▶ [Work required]: Every line in the data below has to be repeated exactly; no picture belongs in the result.

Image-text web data
○ ○ ○
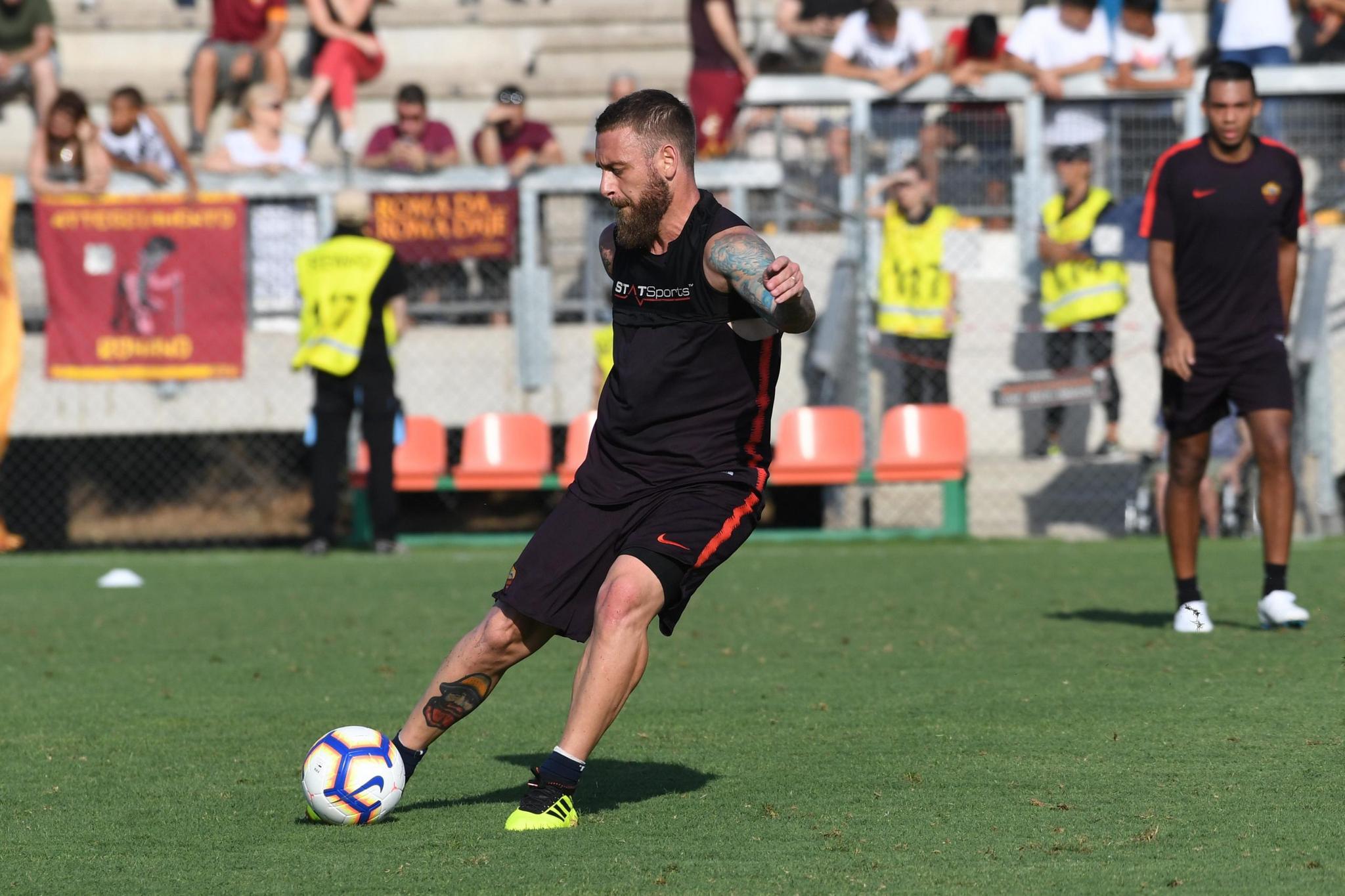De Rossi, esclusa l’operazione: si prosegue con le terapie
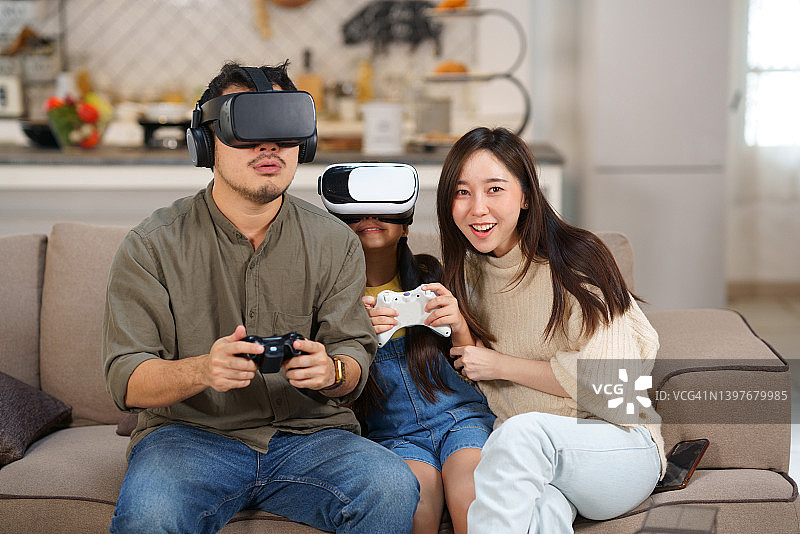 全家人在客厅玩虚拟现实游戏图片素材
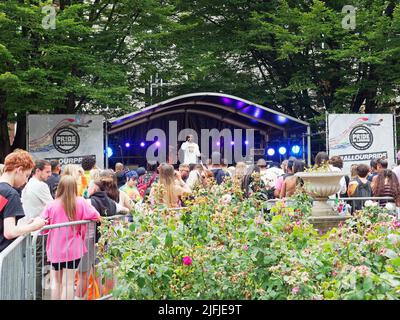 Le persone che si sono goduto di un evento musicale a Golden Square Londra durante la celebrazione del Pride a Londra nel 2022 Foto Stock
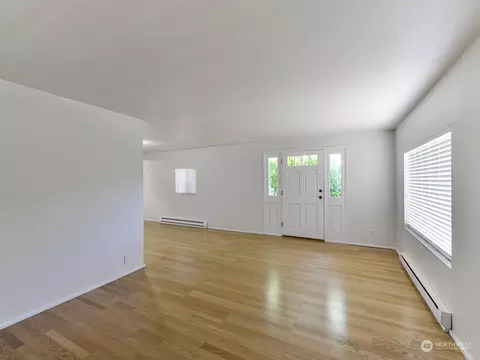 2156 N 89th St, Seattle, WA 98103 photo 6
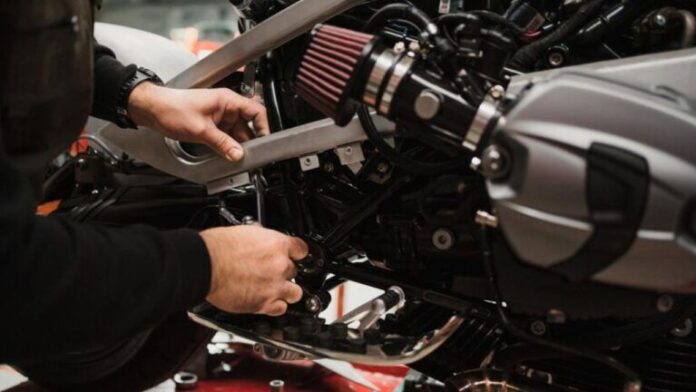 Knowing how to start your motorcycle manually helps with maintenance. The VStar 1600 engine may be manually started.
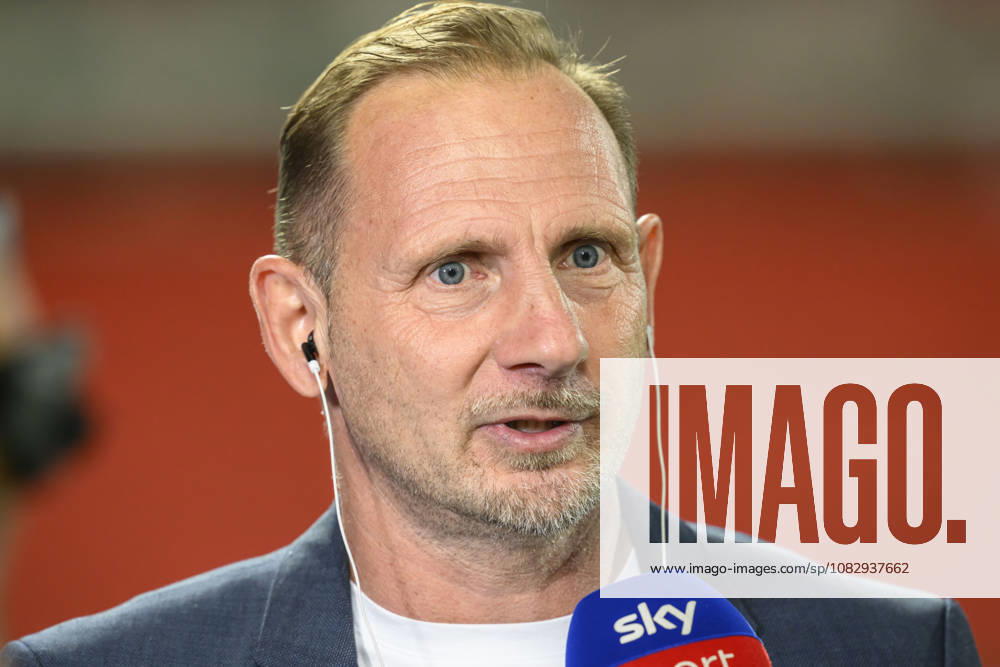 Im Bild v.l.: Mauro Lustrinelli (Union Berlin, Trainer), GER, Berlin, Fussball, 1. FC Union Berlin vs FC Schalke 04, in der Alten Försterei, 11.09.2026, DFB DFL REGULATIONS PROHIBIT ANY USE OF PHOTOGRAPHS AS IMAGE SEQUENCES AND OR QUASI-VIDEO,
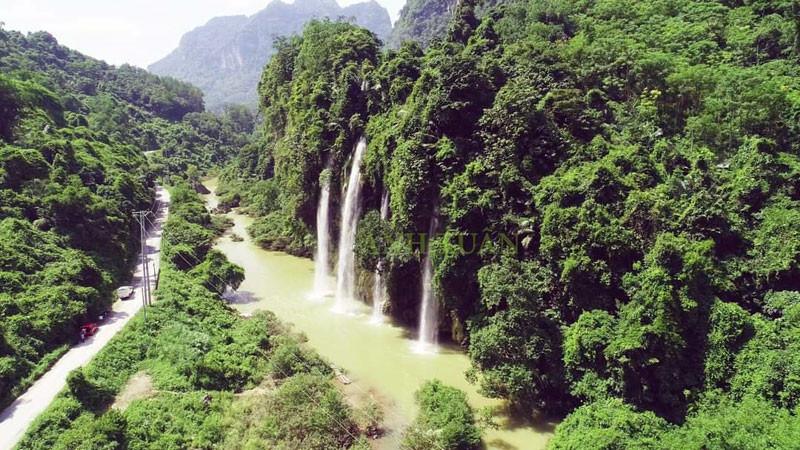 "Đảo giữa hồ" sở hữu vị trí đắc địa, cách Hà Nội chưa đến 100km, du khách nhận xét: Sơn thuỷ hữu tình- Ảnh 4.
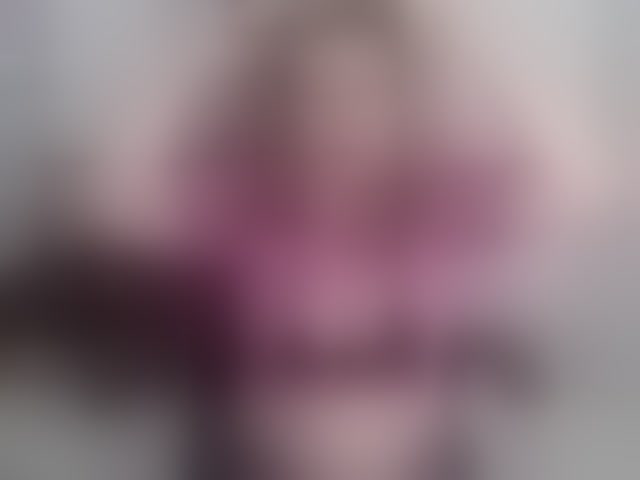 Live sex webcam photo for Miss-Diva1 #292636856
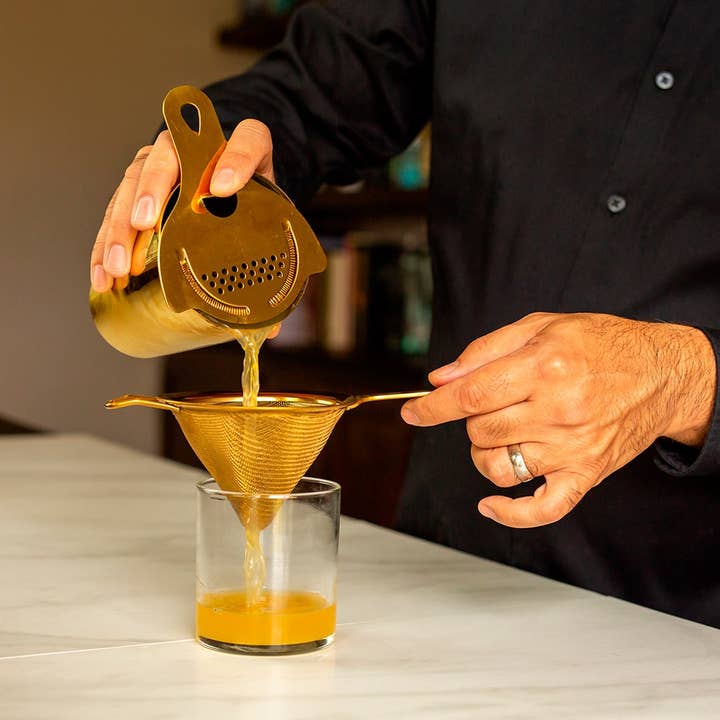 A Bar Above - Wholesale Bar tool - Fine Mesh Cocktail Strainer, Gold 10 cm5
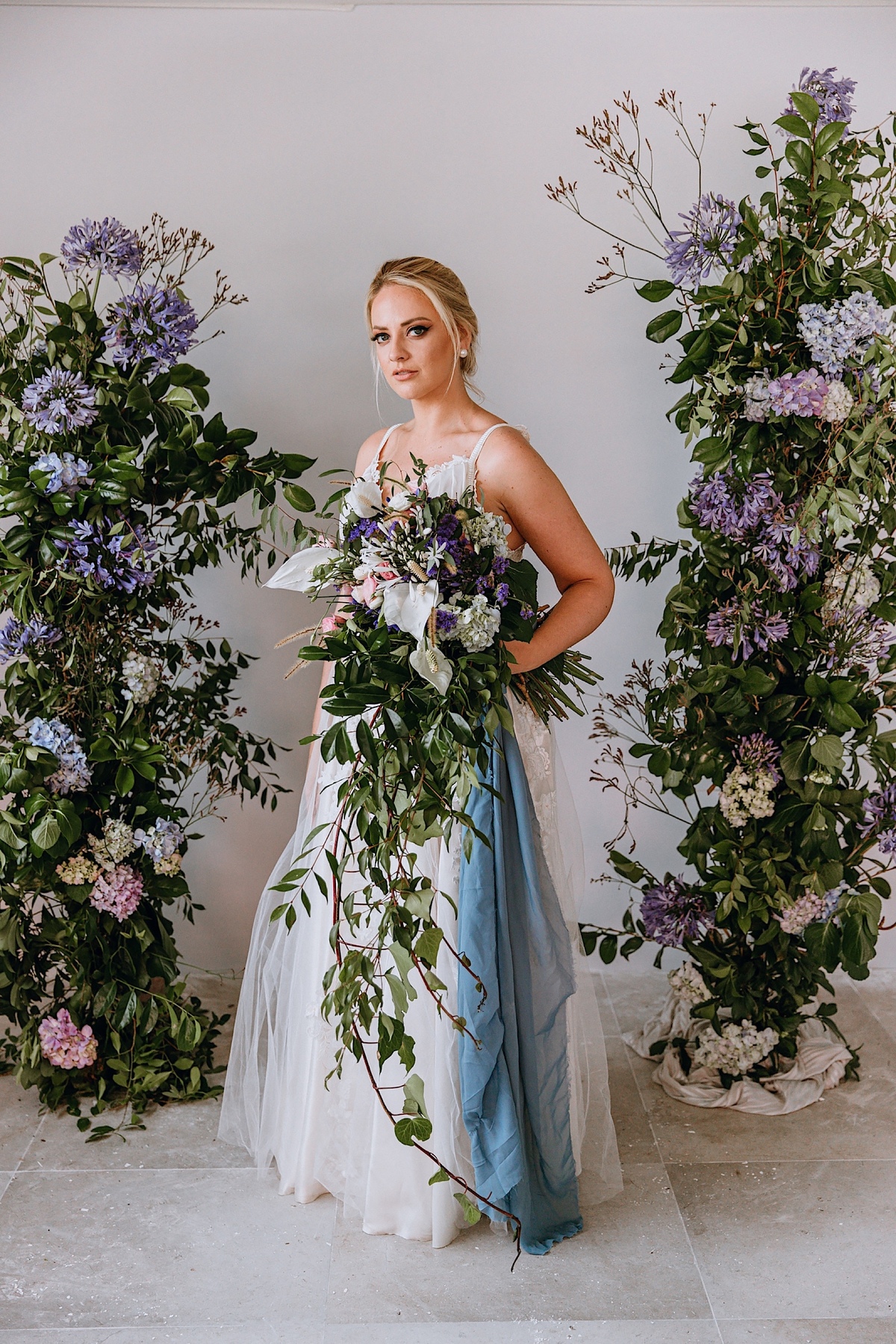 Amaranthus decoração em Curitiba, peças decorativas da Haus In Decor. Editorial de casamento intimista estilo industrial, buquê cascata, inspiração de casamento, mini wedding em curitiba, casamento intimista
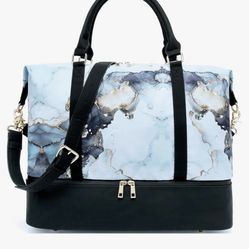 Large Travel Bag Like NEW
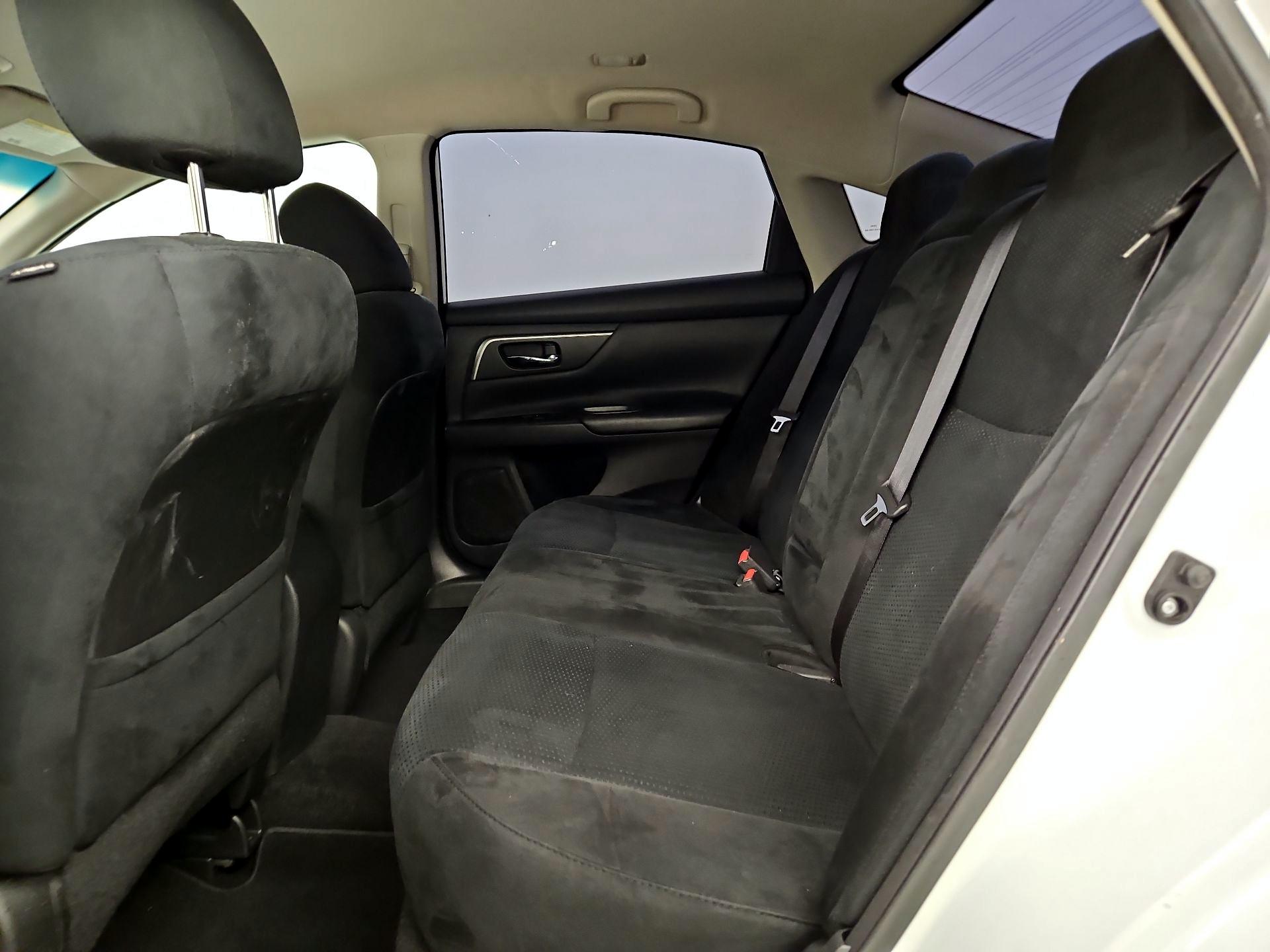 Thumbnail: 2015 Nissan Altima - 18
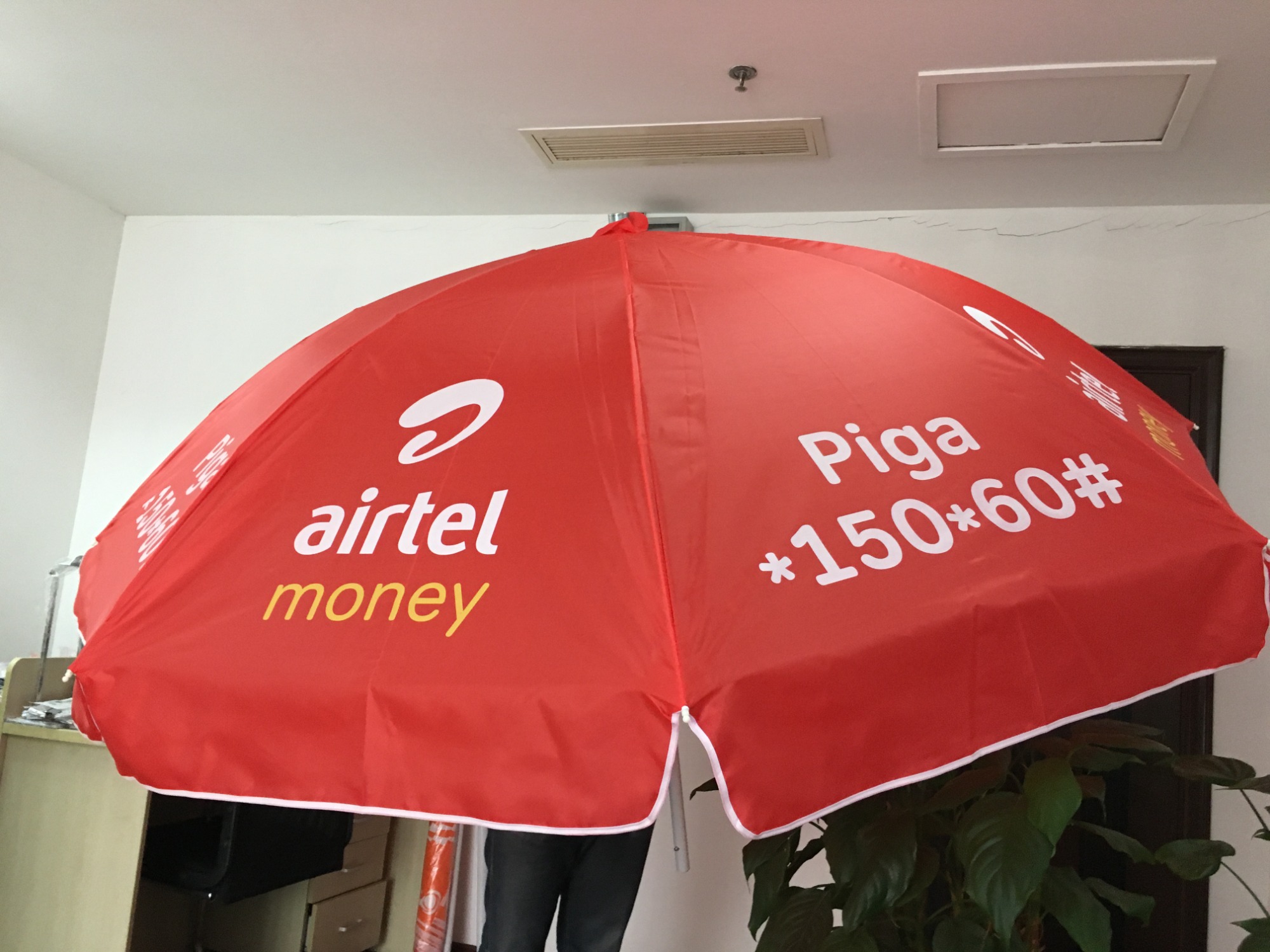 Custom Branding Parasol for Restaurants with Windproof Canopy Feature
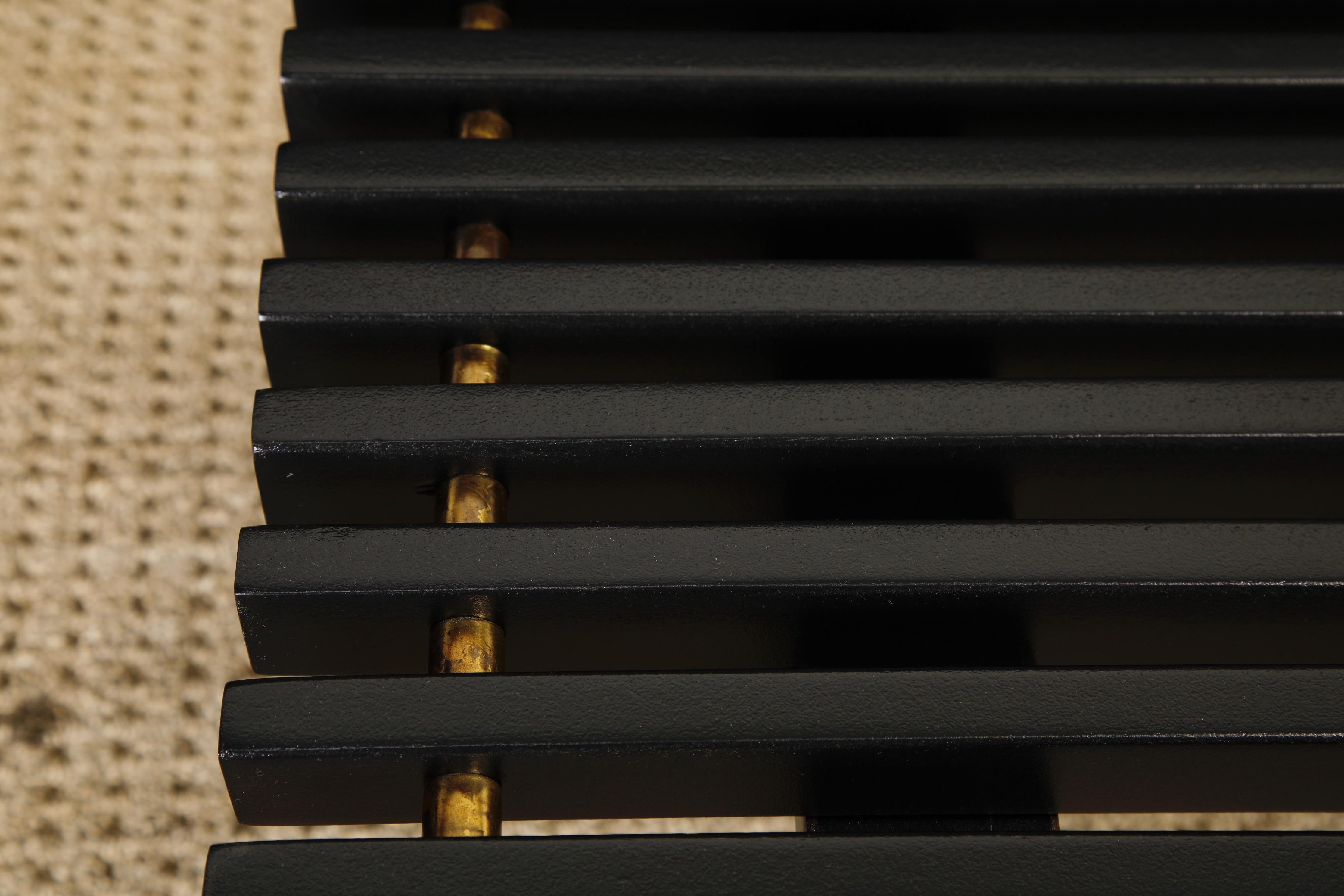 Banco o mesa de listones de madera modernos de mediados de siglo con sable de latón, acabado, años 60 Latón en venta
○ ○ ○
▶ [Result]:
De Rossi, esclusa l’operazione: si prosegue con le terapie
 全家人在客厅玩虚拟现实游戏图片素材
 Le persone che si sono goduto di un evento musicale a Golden Square Londra durante la celebrazione del Pride a Londra nel 2022 Foto Stock
 2156 N 89th St, Seattle, WA 98103 photo 6
 Knowing how to start your motorcycle manually helps with maintenance. The VStar 1600 engine may be manually started.
 Im Bild v.l.: Mauro Lustrinelli (Union Berlin, Trainer), GER, Berlin, Fussball, 1. FC Union Berlin vs FC Schalke 04, in der Alten Försterei, 11.09.2026, DFB DFL REGULATIONS PROHIBIT ANY USE OF PHOTOGRAPHS AS IMAGE SEQUENCES AND OR QUASI-VIDEO,
 "Đảo giữa hồ" sở hữu vị trí đắc địa, cách Hà Nội chưa đến 100km, du khách nhận xét: Sơn thuỷ hữu tình- Ảnh 4.
 Live sex webcam photo for Miss-Diva1 #292636856
 A Bar Above - Wholesale Bar tool - Fine Mesh Cocktail Strainer, Gold 10 cm5
 Amaranthus decoração em Curitiba, peças decorativas da Haus In Decor. Editorial de casamento intimista estilo industrial, buquê cascata, inspiração de casamento, mini wedding em curitiba, casamento intimista
 Large Travel Bag Like NEW
 Thumbnail: 2015 Nissan Altima - 18
 Custom Branding Parasol for Restaurants with Windproof Canopy Feature
 Banco o mesa de listones de madera modernos de mediados de siglo con sable de latón, acabado, años 60 Latón en venta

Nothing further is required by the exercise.